All that cash once earmarked for pre-Leveson shag ‘n’ tells could to be used to investigate jihadis in our midst. But the big-budget tabloids are content with playing catch-up. So around a grainy photo of a figure dressed in a grey tracksuit carrying a Lidl shopping bag in Sunbury-on-Thames, we get to wonder if he’s the one who placed a bomb at Parsons Green station. And, of course, we don’t know what to make of the video caught on a homeowner’s CCTV. We also don’t know why a homeowner in leafy Surrey is filming the street. Is it a dangerous area?

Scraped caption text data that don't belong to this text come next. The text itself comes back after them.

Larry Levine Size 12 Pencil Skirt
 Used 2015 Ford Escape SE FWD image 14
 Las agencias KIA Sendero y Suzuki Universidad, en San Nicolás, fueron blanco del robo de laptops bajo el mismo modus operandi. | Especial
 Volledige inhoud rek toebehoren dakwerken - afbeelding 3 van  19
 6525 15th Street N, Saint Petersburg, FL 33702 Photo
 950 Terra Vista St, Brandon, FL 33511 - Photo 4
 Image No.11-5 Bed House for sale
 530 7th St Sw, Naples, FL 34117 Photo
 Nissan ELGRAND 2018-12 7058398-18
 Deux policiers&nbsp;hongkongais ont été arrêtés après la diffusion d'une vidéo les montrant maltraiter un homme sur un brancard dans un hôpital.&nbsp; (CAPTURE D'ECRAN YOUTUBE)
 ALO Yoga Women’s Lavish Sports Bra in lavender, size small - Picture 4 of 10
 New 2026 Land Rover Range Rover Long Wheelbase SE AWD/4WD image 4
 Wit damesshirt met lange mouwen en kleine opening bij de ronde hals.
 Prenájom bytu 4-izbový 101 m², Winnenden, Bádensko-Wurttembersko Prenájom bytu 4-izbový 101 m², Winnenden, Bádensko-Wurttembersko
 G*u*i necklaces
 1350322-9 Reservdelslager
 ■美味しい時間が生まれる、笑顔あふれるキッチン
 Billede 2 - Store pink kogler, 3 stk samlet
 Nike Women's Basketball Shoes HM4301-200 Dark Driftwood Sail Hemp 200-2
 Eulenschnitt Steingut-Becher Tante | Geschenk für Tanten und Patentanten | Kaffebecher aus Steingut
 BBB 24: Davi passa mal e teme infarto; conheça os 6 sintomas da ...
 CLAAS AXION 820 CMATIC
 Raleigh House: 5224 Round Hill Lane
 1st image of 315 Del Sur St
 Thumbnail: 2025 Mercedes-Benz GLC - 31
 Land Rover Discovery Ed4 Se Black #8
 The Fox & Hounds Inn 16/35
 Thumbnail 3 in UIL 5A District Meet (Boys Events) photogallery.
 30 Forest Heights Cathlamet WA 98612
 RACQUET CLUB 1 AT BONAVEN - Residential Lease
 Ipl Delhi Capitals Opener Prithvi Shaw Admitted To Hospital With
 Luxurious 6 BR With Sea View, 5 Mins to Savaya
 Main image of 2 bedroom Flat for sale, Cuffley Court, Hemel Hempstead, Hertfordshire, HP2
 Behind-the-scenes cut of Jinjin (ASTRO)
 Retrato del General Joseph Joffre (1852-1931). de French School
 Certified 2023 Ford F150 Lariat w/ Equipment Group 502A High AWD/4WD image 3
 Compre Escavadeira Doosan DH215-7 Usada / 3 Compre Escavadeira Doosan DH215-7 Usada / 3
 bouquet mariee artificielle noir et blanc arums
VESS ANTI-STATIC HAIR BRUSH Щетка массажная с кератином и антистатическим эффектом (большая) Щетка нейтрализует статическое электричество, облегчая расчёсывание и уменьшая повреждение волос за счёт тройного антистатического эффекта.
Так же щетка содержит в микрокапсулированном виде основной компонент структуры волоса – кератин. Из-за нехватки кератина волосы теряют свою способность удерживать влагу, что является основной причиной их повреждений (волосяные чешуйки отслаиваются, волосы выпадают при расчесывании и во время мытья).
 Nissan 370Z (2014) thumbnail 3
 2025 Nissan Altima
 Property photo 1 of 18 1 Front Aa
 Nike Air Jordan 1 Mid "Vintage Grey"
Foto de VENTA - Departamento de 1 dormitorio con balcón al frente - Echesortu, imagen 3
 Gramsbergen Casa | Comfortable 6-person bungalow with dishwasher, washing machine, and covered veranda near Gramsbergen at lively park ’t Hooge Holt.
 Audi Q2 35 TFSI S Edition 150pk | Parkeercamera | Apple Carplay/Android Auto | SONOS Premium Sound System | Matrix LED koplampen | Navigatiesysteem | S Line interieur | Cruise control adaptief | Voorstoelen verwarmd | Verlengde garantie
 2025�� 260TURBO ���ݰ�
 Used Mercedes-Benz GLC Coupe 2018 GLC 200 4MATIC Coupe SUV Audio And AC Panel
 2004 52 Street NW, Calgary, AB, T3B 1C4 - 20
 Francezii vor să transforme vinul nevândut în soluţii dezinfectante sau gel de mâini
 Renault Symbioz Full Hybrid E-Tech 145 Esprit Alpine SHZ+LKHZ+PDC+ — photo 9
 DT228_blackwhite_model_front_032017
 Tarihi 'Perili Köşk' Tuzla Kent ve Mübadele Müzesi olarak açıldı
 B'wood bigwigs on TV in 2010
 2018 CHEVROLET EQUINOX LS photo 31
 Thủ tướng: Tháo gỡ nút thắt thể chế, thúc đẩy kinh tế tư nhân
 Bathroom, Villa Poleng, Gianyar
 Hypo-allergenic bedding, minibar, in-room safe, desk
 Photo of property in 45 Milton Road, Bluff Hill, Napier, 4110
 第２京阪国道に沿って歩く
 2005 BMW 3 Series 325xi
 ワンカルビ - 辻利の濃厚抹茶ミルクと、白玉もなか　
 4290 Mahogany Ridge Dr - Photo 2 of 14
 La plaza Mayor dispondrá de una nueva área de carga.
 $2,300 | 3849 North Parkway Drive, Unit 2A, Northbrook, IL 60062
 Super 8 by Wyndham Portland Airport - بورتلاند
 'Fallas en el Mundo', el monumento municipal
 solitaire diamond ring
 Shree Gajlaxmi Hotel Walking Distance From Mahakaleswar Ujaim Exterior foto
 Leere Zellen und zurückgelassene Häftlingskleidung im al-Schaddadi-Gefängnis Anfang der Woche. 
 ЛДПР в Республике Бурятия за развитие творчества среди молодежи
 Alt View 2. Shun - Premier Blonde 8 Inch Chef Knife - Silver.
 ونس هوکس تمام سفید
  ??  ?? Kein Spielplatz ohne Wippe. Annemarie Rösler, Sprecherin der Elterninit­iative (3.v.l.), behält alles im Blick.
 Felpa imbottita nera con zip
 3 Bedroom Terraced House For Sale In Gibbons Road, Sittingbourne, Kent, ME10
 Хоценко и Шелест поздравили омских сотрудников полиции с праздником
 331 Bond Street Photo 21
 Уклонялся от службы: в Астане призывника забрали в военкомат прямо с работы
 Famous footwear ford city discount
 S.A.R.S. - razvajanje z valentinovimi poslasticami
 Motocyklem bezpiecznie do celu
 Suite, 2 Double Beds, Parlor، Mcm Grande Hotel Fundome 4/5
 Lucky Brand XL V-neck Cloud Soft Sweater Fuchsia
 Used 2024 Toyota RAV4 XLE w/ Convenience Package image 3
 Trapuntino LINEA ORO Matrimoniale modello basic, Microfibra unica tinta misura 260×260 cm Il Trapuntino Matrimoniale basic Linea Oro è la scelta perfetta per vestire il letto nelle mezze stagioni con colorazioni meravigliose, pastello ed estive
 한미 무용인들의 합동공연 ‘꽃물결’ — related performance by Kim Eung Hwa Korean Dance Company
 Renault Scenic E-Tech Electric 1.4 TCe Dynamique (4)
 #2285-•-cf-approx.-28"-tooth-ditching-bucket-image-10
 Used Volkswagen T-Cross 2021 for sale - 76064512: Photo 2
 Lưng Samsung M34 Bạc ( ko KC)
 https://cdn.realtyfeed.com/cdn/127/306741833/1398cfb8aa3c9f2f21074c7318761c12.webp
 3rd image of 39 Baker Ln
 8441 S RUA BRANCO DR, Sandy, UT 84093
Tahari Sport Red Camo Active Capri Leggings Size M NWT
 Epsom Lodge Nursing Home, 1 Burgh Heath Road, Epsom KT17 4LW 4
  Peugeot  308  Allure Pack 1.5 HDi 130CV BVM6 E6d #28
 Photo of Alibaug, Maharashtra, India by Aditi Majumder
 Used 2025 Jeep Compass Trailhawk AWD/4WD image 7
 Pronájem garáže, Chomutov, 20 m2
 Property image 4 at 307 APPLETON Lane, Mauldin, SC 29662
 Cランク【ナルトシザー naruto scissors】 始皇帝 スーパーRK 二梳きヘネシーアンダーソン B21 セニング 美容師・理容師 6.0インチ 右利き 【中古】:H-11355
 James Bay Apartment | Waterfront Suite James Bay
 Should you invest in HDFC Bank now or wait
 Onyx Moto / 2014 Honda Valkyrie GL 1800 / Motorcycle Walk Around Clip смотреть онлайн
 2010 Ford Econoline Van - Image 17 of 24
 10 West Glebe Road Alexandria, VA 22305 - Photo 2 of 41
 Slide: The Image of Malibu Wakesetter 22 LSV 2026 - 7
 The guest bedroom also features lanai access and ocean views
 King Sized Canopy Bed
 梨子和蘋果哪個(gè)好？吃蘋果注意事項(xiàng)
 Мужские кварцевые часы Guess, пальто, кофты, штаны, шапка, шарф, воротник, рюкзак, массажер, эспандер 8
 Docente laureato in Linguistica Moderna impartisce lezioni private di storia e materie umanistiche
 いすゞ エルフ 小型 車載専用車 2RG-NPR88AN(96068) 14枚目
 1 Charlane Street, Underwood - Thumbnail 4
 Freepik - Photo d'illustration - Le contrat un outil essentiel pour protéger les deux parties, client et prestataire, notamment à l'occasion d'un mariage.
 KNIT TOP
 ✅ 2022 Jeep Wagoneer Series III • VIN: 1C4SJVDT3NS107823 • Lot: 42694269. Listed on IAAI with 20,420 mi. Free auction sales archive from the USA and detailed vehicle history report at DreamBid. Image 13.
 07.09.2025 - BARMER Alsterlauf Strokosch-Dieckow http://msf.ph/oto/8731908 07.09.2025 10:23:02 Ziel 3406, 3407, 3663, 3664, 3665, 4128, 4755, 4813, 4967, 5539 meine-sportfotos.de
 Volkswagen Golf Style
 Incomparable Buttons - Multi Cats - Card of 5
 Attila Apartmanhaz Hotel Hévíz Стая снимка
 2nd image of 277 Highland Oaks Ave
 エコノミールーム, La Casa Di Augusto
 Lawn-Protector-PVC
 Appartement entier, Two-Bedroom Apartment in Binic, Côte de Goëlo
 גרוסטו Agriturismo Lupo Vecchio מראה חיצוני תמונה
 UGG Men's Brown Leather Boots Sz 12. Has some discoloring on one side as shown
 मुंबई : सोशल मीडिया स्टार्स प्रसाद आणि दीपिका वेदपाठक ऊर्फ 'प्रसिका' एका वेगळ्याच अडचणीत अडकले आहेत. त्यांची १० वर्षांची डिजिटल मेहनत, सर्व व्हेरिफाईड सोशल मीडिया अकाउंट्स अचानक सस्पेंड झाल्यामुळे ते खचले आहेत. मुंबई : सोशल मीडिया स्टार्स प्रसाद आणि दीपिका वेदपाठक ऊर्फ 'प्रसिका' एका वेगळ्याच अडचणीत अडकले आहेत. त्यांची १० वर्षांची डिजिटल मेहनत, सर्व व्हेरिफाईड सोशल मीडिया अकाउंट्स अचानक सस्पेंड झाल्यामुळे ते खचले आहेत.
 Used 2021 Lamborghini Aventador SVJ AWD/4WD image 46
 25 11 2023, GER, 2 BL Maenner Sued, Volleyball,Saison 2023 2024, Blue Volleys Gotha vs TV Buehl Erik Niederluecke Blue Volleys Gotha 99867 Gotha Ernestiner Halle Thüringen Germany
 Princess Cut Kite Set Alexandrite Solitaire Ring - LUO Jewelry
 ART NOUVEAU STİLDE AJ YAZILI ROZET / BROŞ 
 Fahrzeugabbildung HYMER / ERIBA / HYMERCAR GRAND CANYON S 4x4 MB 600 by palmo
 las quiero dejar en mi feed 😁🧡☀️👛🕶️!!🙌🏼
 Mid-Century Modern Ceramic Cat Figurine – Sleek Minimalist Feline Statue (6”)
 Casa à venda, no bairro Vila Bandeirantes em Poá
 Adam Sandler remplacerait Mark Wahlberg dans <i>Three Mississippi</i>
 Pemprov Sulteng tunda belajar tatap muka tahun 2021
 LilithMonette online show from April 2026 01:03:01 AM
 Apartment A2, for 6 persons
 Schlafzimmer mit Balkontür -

The Express has more on the attack over pages 4 and 5. Two men have been arrested. One arrived in the UK when he was 15, having “fled” Iraq. He was fostered by Penelope Jones and Ronald Jones. The other man is 21. He’s an Iraqi refugee also once cared for by the Joneses. The couple’s neighbour says the lad “wanted to leave home”. Well, job done. Another neighbour says the 18-year-old “seemed a really nice chap”. But he “seemed to be up at unusual hours”. In the Mail, however, he’s a “tearaway” who “was held by police just two weeks ago at Parsons Green station”. The Mirror hears him called “out of control”.

In other news, the terror threat has been reduced from ‘critical’ to “severe”. Just two weeks ago, it was at ‘Armageddon’, what with North Korean threats and Hurricane Irma. We live in hyperbolic times.

Think Of The Children

In the Sun, we get to know the name of the 21-year-old suspect. He’s Yahyah Farroukhm who was pinched at Aladdins [sic] Fried Chicken in Hounslow, West London, not far from his home in Stanwell, which is within inhaling distance of Heathrow Airport. At the time of his arrest, Farroukh was carrying a Kitkat and a drink can, which he dropped. The Mail says he has posted about his passion for smoking weed and anti-Israel images. But if those interests mark your out as a jihadi, then so much the worst for snowflake students and the hard-Left, although neither of those groups would be seen dead with a high-sugar KitKat.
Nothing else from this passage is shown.